_WHAT TO PRODUCE_
Among the entries below, copy only the span from the line containing "SkyJack 3226 Škaraste platforme" through the line containing "Wakapolda Jambi Foto". Do so exactly, and skip the pictures.

_SUPPLIED RECORDS_
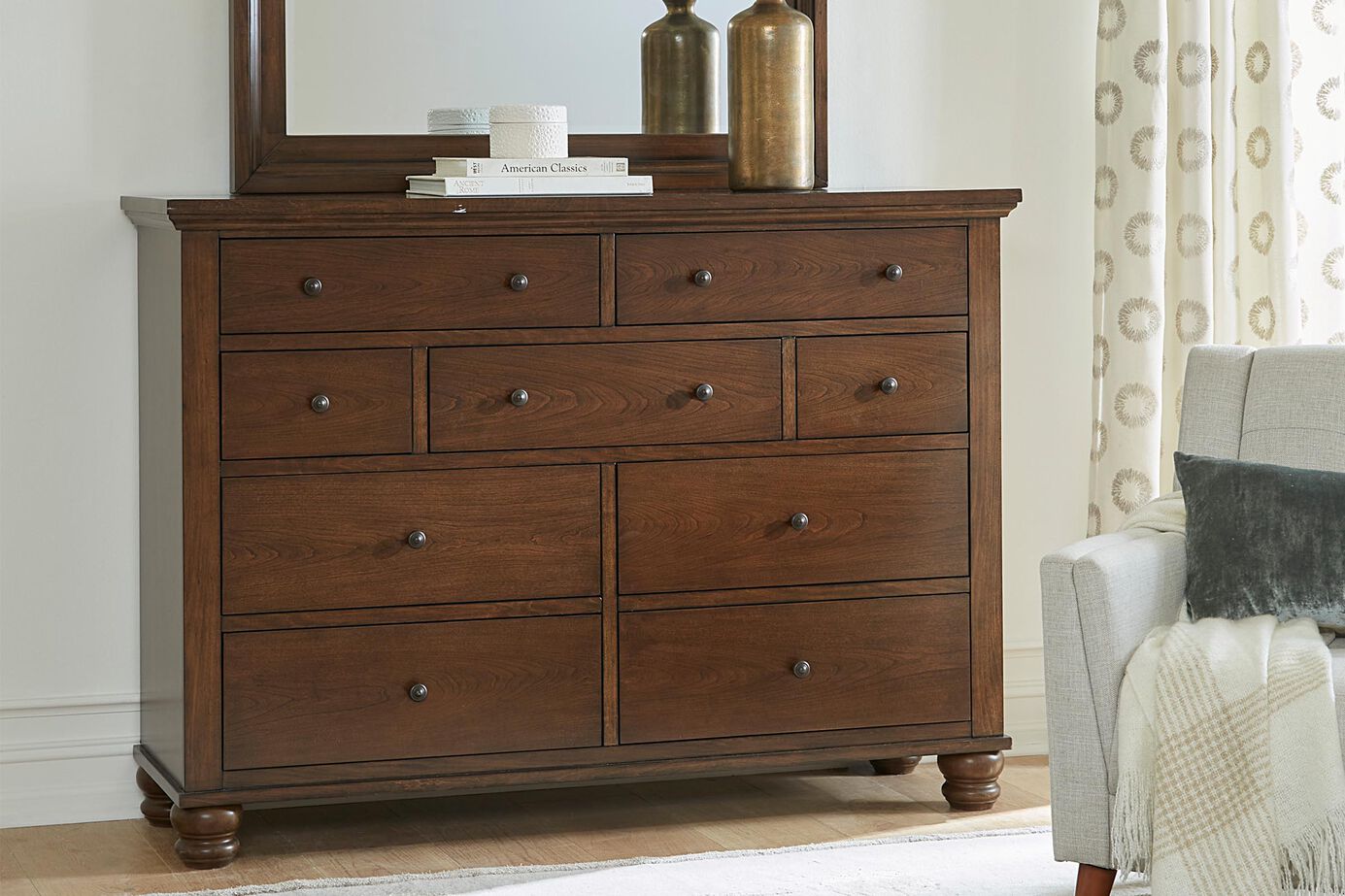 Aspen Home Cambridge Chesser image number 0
---
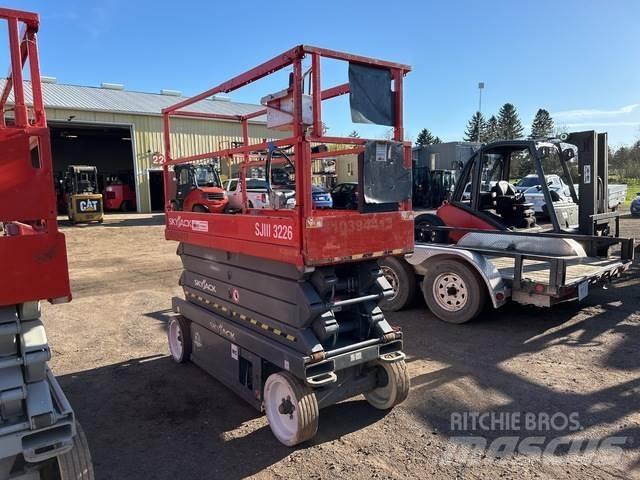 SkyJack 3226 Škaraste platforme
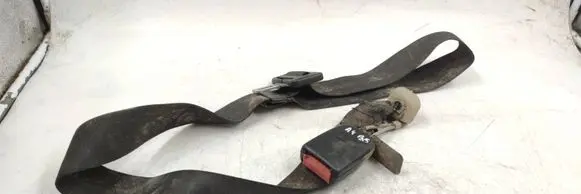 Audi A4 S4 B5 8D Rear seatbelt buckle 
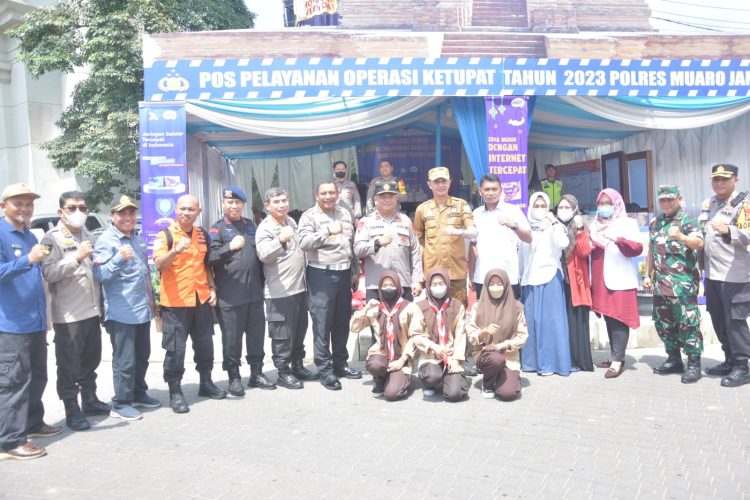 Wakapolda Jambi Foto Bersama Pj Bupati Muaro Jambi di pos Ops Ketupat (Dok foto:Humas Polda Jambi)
--
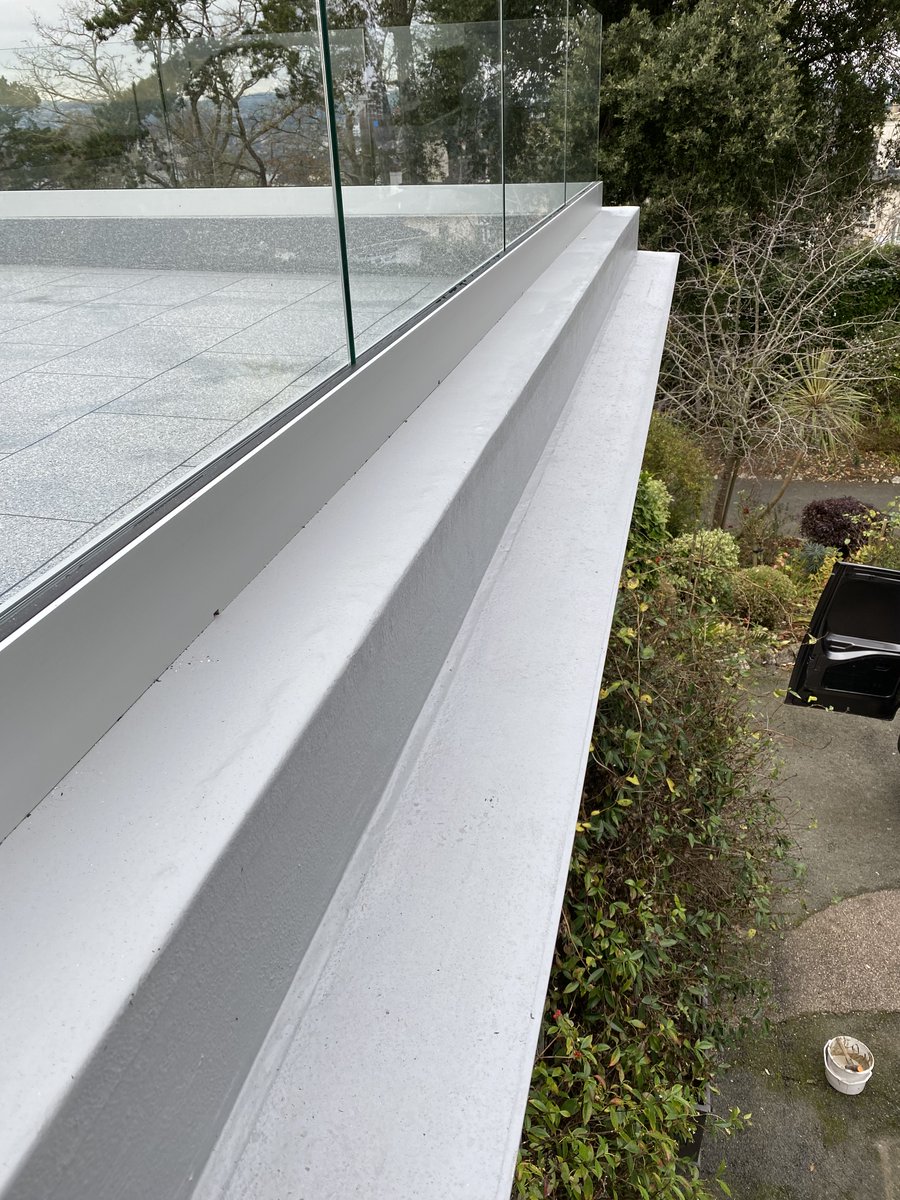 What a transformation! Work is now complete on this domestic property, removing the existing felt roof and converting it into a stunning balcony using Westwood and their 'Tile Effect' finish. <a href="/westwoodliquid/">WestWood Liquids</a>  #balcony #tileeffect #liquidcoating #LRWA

_TASK ANSWER_
 SkyJack 3226 Škaraste platforme
 Audi A4 S4 B5 8D Rear seatbelt buckle 
 Wakapolda Jambi Foto Bersama Pj Bupati Muaro Jambi di pos Ops Ketupat (Dok foto:Humas Polda Jambi)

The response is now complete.